Barrett Tillman has written a workmanlike and comprehensive journalistic account of the air war against Japan. Whirlwind represents much more than just a retelling of the massive strategic bombing of Japanese cities by B-29s that burned out the heart of Japan’s major cities. It presents the reader with a judicious discussion of the wider role of air power in the Pacific war between the United States and Japan. And air power in the Pacific was not just the realm of the Army Air Forces but of the Navy and Marines as well. In fact, as Tillman makes clear, without the Navy’s massive island-hopping campaign—which reached the Marianas in summer 1944—there would have been no effective strategic bombing campaign of the Japanese Home Islands until much later. Such a delay would have had immense strategic consequences.

Tillman opens his book with an examination of prewar doctrine in the Army Air Corps and the technological developments that would eventually make possible the bombing of Japan. He also provides the necessary background to the U.S. Navy’s development of carrier aviation. Nevertheless, in an account that supposedly covers the air war from 1942, Tillman spends no time examining the crucial air and naval battles around Guadalcanal, the Solomons and New Guinea. Those battles proved crucial in breaking the back of Japanese naval and army air forces and creating the basis for the American surge toward Japan, which had begun in November 1943 at Tarawa and had carried U.S. military power to the islands of Guam and Tinian eight months later. Moreover, buried in those events is the astonishing performance of Lt. Gen. George Kenney, whose leadership of Fifth Air Force placed him among the most innovative and imaginative airmen of World War II.
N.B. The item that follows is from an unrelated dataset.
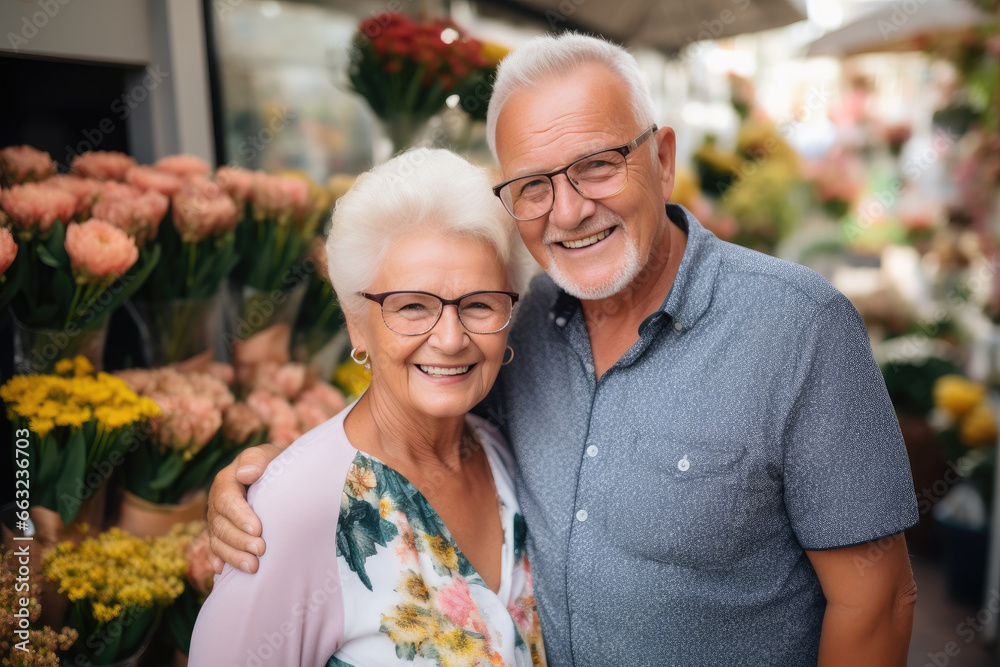 Obraz premium Elderly Lovebirds Grinning at Flower Shop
Barrett’s book is thus chiefly about the aerial campaign against the Japanese Home Is lands rather than the overall use of Allied air power against Japan’s military might. As such, it provides a thorough and interesting account of the differences between the B-29 offensive and that waged by the Navy’s massive force of fast carriers. The 1944 B-29 assault from China was an almost complete failure, and, as Tillman highlights, the initial effort from the Marianas was not much more successful. Desperate to make the B-29 a success, given its immense cost, the chief of Army Air Forces, General H.H. “Hap” Arnold, turned to Maj. Gen. Curtis LeMay, who would launch the nighttime firebombing raids that ultimately devastated Tokyo.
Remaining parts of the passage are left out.